Another example is Nefertiti, who oversaw the first
semi-monetheistic attempt. Here the Queen Nefertiti
and the Heretic Pharaoh Akhenaten became a
mediator to an all-powerful God abstraction, the
source of complete cosmic power – the sun (see here)
and below. As is true of her male counterpart, the
Queen was the symbol for the leader of a nation as
divine couple.
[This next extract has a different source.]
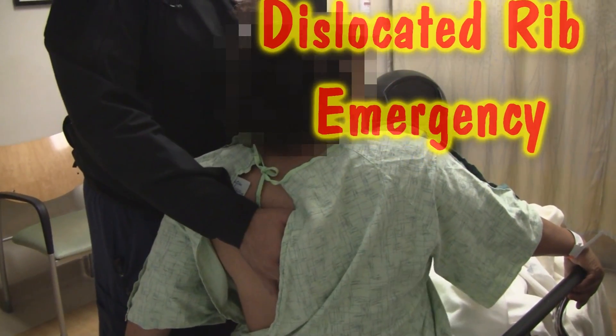To evaluate the ribs, you can palpate the ribs anteriorly and posteriorly.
However, all the essential attributes
of the archetype of the Queen are present in any
real woman wherever she plays a leading (if only
herself) role, regardless of the scope her real
responsibilities—be she queen of an empire, a
nation, a clan, or her own family.
The Mother – Creator
cybele
In one of the oldest cults imported into Rome, the
Great Mother Cybele’s major attributes was, that
she protected people at war and, as such, was often
shown wearing a crown of city walls symbolizing the
defense she offered adherents. Also, as an earth-
mother deity in origin, she bestowed fertility and
governed creatures of the wild—ancient portraits
show her riding in a chariot pulled by lions—and in
both aspects she appealed to the Roman public
whose lifestyle was still, for the most part, agrarian.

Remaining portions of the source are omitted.